In XML, external entities can be declared using SYSTEM or PUBLIC. Here’s the difference:

1. SYSTEM
  • Specifies the location of the external resource using a URI.
  • Simple and straightforward, used for most cases.

Example:

<!ENTITY example SYSTEM "http://example.com/data.txt">
2. PUBLIC
  • Adds a public identifier (a unique string describing the resource) alongside the URI.
  • Often used for standardized resources (e.g., DTDs or schemas).
<!ENTITY example PUBLIC "-//Example//Data File//EN" "http://example.com/data.txt">

In XML, external entities can be declared using SYSTEM or PUBLIC. Here’s the difference:

TypePurposeExample
SYSTEMDirect link to the resource< !ENTITY example SYSTEM "http://example.com/data.txt" >
PUBLICDescriptive identifier + link< !ENTITY example PUBLIC "-//Example//Data File//EN" "http://example.com/data.txt" >

Warning: XML External Entity (XXE) Attacks

This type of XML design is often associated with XML External Entity (XXE) attacks, a vulnerability where an attacker abuses external entities to:

  • Fetch sensitive files from the server.
  • Make network requests on behalf of the server.
  • Potentially execute denial-of-service or other malicious actions.

Recommendation: Ensure that XML parsers are configured securely (e.g., disable external entities if not required).


Exploiting the XXE

img

How XXE Works

XML is a data format that uses tags to structure information. It can include entities, which are placeholders for data. External entities refer to data located outside the XML document itself (often on a remote server or local file system).

A vulnerable web application might use a function like simplexml_load_string() in PHP to process XML input. If the application doesn’t properly disable external entity loading (e.g., by using libxml_disable_entity_loader(true) in PHP), an attacker can inject malicious XML code.


The Attack

img

Attackers craft a specially designed XML request containing an external entity declaration. For example:

<!DOCTYPE foo [<!ENTITY payload SYSTEM "/etc/hosts"> ]>
<wishlist>
  <user_id>1</user_id>
  <item>
    <product_id>&payload;</product_id>
  </item>
</wishlist>

This code defines an entity named payload that points to the /etc/hosts file on the server. The <product_id> tag then uses &payload; to include the contents of /etc/hosts.

When the vulnerable application processes this XML, it will resolve the external entity and reveal the contents of /etc/hosts (which often contains sensitive network configuration details) as part of the response. The attacker could replace /etc/hosts with other file paths to potentially exfiltrate any file accessible to the web server user.
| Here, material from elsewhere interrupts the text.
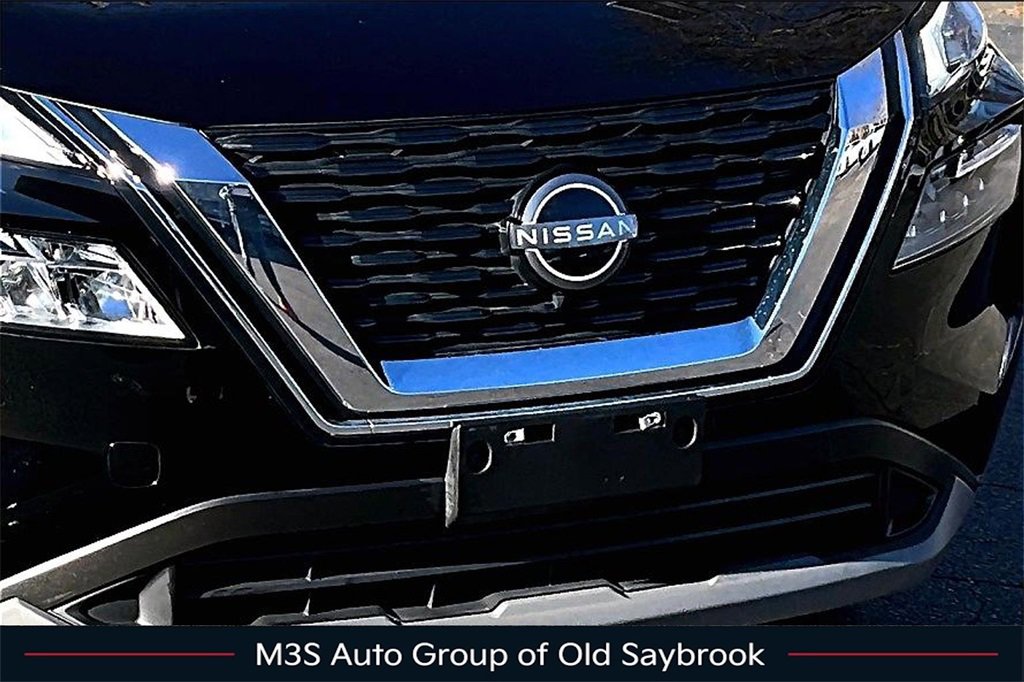 Used 2023 Nissan Rogue SV image 33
The Vulnerable Code (PHP Example)

The following PHP code demonstrates the vulnerability:

<?php
libxml_disable_entity_loader(false); // This line is the vulnerability!
$xml_data = $_POST['xml']; // XML data received from user
$wishlist = simplexml_load_string($xml_data, "SimpleXMLElement", LIBXML_NOENT);
// ... further processing ...
?>

libxml_disable_entity_loader(false) explicitly enables the loading of external entities, making the application vulnerable.


Mitigation

The simplest and most effective way to prevent XXE vulnerabilities is to always disable external entity loading in your XML parser. In PHP, use libxml_disable_entity_loader(true). Similar settings exist for other programming languages. Thorough input validation is also crucial.